Hombre de pocas palabras y mucha experiencia en la administración, pues fue varias veces director de escuelas de bachillerato. De los pocos viejos que conozco que decidieron no tener familia, ni casarse. A veces entre corrillos se preguntaba ¿qué hacía con tanto dinero? pues la plaza que ocupaba era de las más altas, de los mejor pagados, y sin hijos ni pareja la gente piensa que sólo se gasta en ropa, gasolina y comida.
En cierta capacitación, de las primeras a las que asistí fuera de mi región, el ingeniero nos acompañó en una charla entre iguales del estado, y cambió su humor para compartir algunos tips con nosotros. Se tornó jovial y risueño, a tal grado que mandó pedir algunas cervezas, para platicar más a gusto, según él. Luego de unas horas, también le dio sed, pues no tomó cerveza y fue a comprar whiskey, que era a lo que estaba acostumbrado, dijo. Platicamos bien a gusto, de casos que recordaba más problemas le habían causado y cómo los solucionó. Tuvo puestos de asesor jurídico, así que tenía tela de dónde cortar.
En otra ocasión, había un acuerdo no escrito donde se me usaba para hacer llegar cada quincena un cheque de una persona que trabajaba en mi plantel, pero que debía ir a otro pueblo (a 2 horas de mi lugar de trabajo), y esta persona se quejó de mí, porque no le entregaba a tiempo su cheque. El acuerdo no lo había hecho yo, nunca me preguntaron si lo seguiría llevando a cabo. La queja no tenía sustento, pues yo estaba diario en la oficina, y la beneficiaria ni se asomaba, quería que yo la buscara para pagarle, y pues a mí no me pareció. Así que la siguiente quincena, cuando me entregaron su cheque, lo regresé al pagador, le dije que me negaba a llevarlo y que pasara a esa oficina la beneficiaria, para que no tuviera retraso en cobrarlo. Al otro día, me llamó el ingeniero, pues el pagador le expuso el problema y tenía que hablar conmigo para "solucionarlo". Le dí mis razones y me lo puso fácil: me llevaba el cheque o mandaba un oficio para mi jefa pidiendo interviniera ella o me levantarían acta administrativa. Yo sabía que no procedería, no tenía nada qué ver su cheque en mi escuela, pero para no tener ese alacrán encima, me alineé y se acabó el problema.

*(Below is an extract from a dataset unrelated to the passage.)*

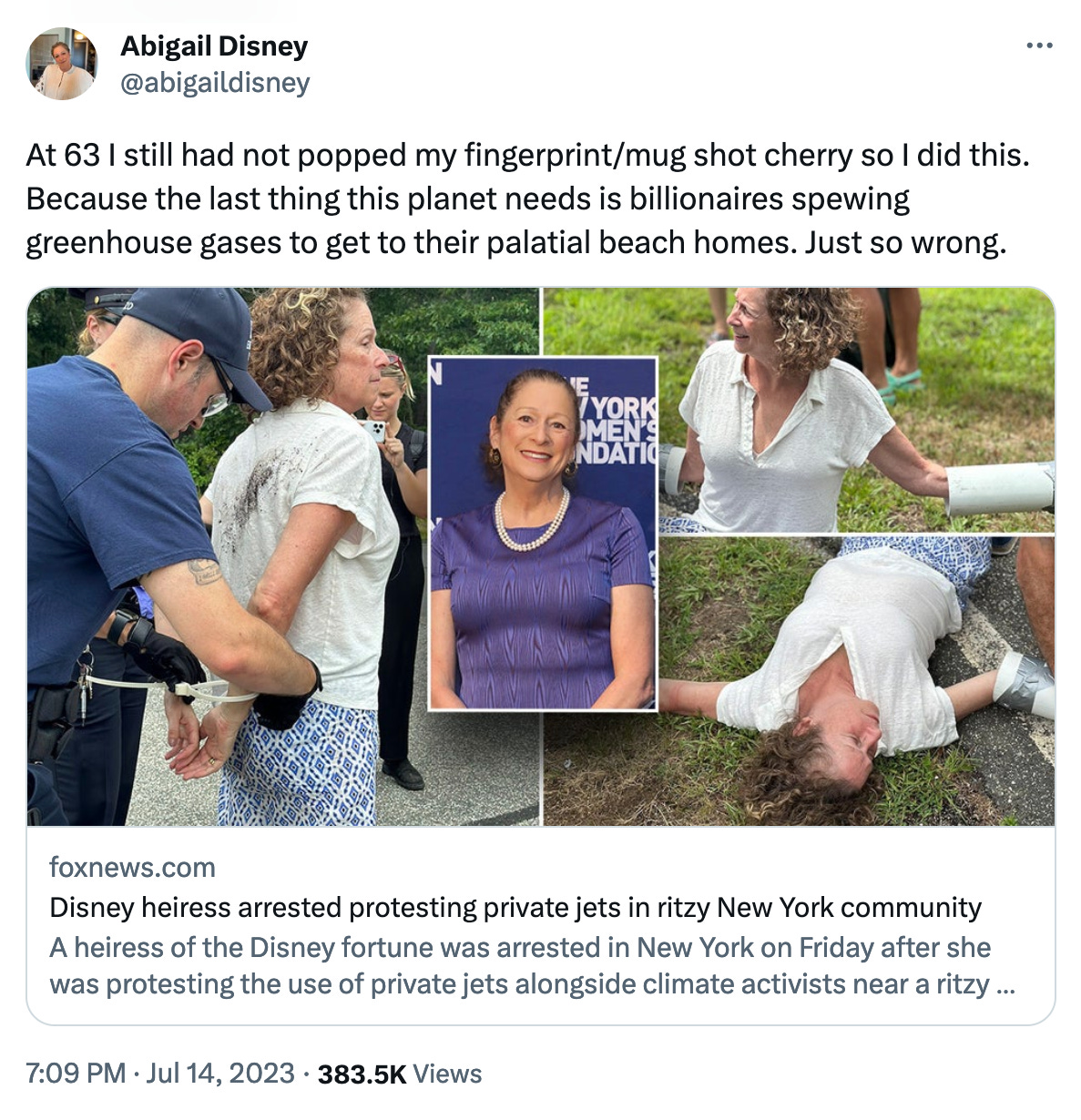 A tweet from Abigail Disney that says, "At 63 I still had not popped my fingerprint/mug shot cherry so I did this. Because the last thing this planet needs is billionaires spewing greenhouse gases to get to their palatial beach homes. Just so wrong." She has linked to a Fox news article with the headline, "Disney heiress arrested protesting private jets in ritzy New York community".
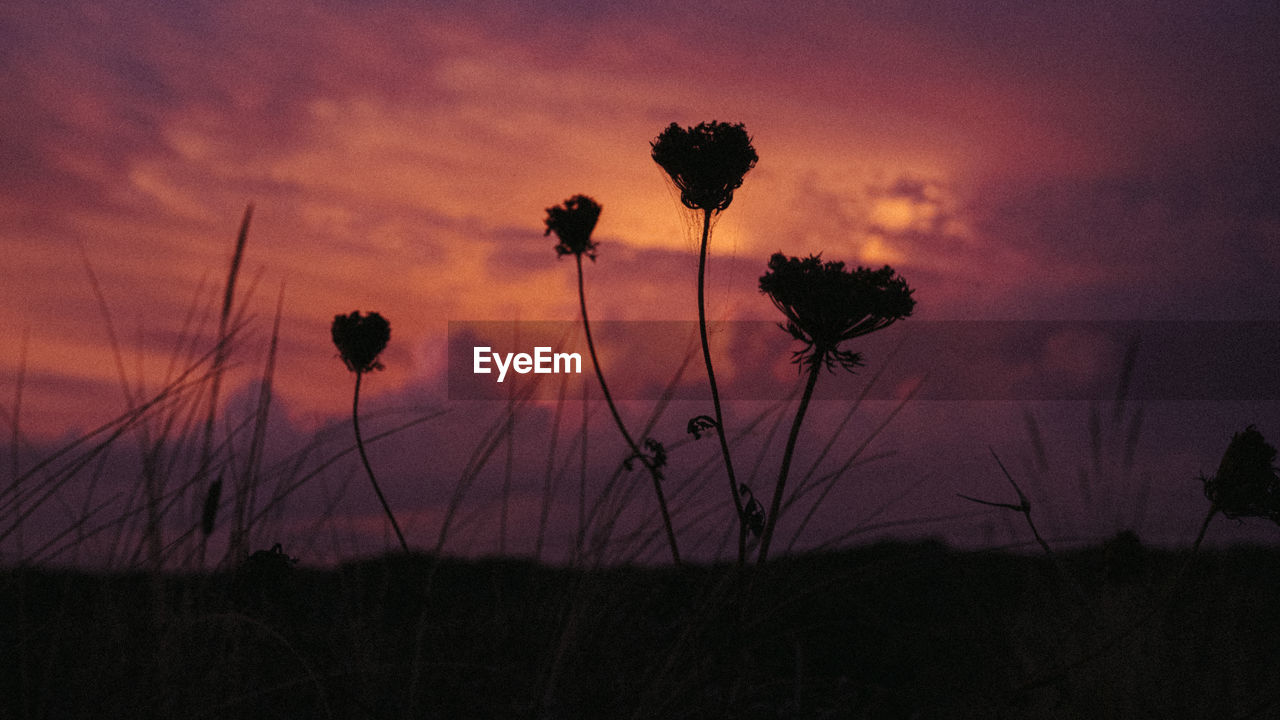 plant, sky, beauty in nature, nature, sunset, cloud, silhouette, flower, flowering plant, growth, no people, tranquility, land, scenics - nature, landscape, evening, outdoors, field, tranquil scene, environment, dawn, grass, freshness, dramatic sky, sunlight, fragility, prairie, tree, non-urban scene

Cuando dejó esa oficina, fui yo el que ingresó el oficio para anular el acuerdo no escrito, pues me negaba a realizar los pagos del personal que no apareciera en mi plantel, y me deshice de eso. Luego me lo encontré en el corredor y sonriendo, negaba con la cabeza. ¿Por qué no le haces honor a tu apellido, Paz? me dijo "está bien, si no quieres hacer algo, debes decirlo, y la beneficiaria te hubiera pedido el favor, si no había nada por escrito, está bien" y siguió su camino.

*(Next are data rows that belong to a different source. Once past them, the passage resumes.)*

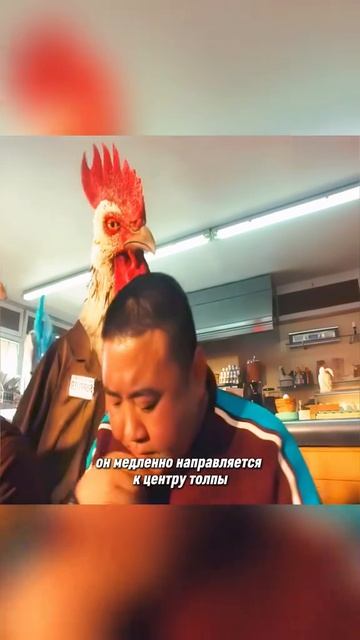 Интересные истории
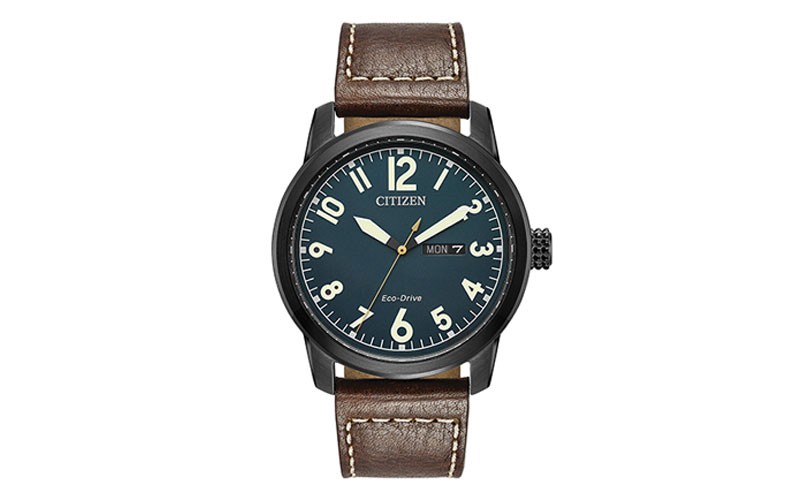Mens Citizen Eco-Drive Ion Plated Watch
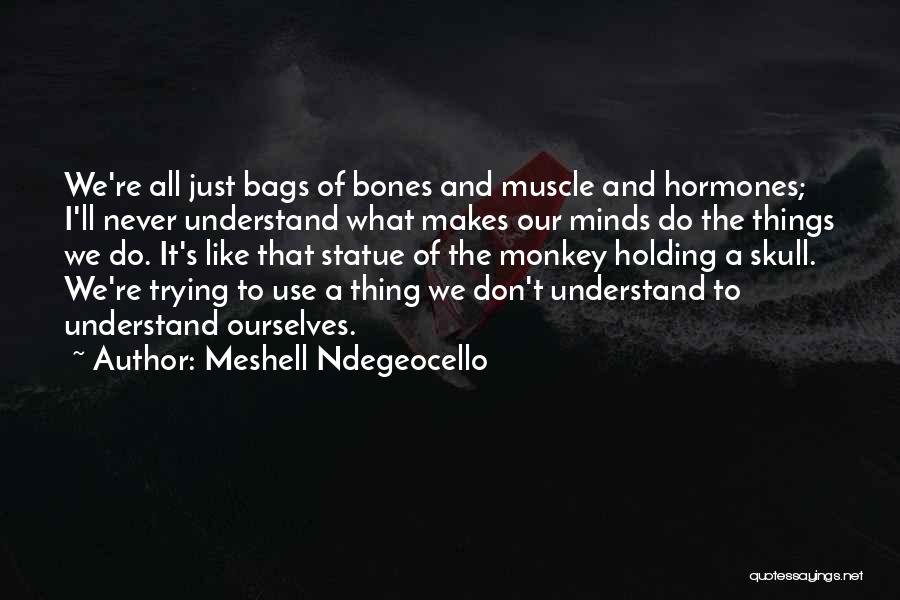 Meshell Ndegeocello Quotes: We're All Just Bags Of Bones And Muscle And Hormones; I'll Never Understand What Makes Our Minds Do The Things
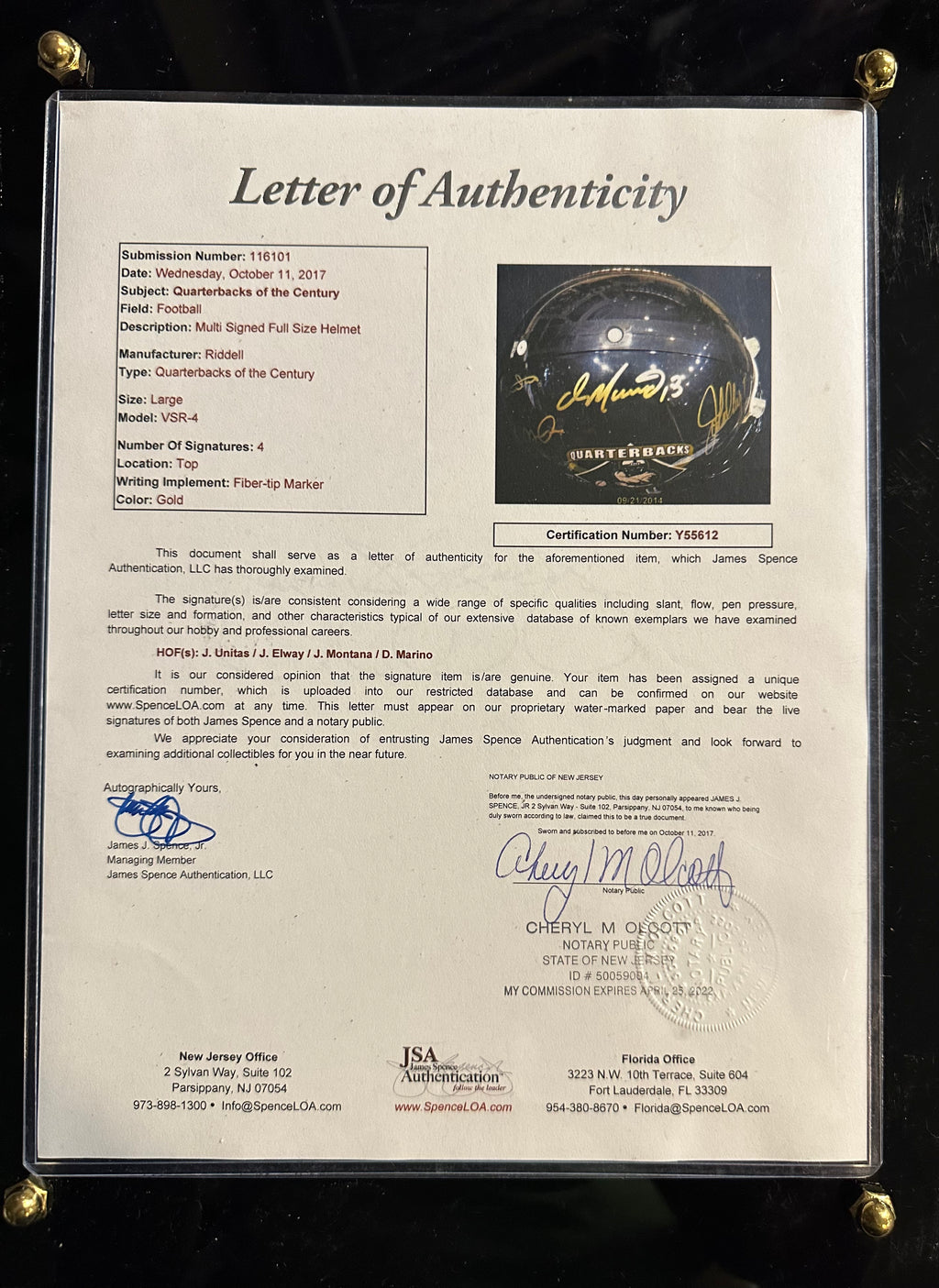 Quarterbacks of the Century Helmet (202 of 500)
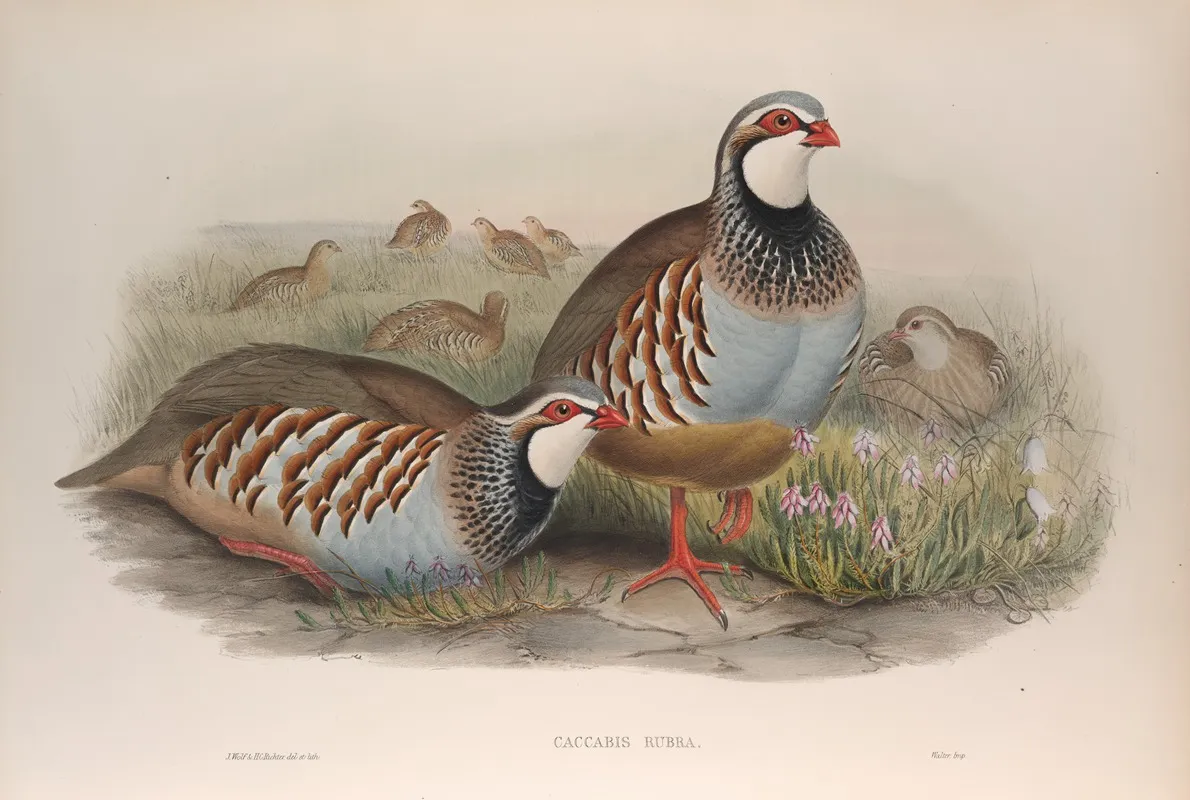 Caccabis Rubra Red Legged Partridge Wall Art by John Gould - High-Resolution Digital Print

Otro día coincidimos en otra capacitación y en un restaurante, entre whiskeys también, me recordó la situación aquella del cheque. Entre risas me decía "de Paz, nada ¿eh?"
Un año antes de su muerte, la pérdida de peso que tuvo fue muy notoria. Era delgado, y ahora se veía en los huesos. El cuello parecía esforzarse en sostener su cabeza, y los brazos se enjutaron tanto que los músculos eran más tejido conectivo que lo que habían sido en tiempos mejores. Incluso sus pasos se redujeron.
Viendo la firma, con curvas bien definidas, hechas por un pulso firme, con determinación, y puntos bien marcados, recordé al ingeniero.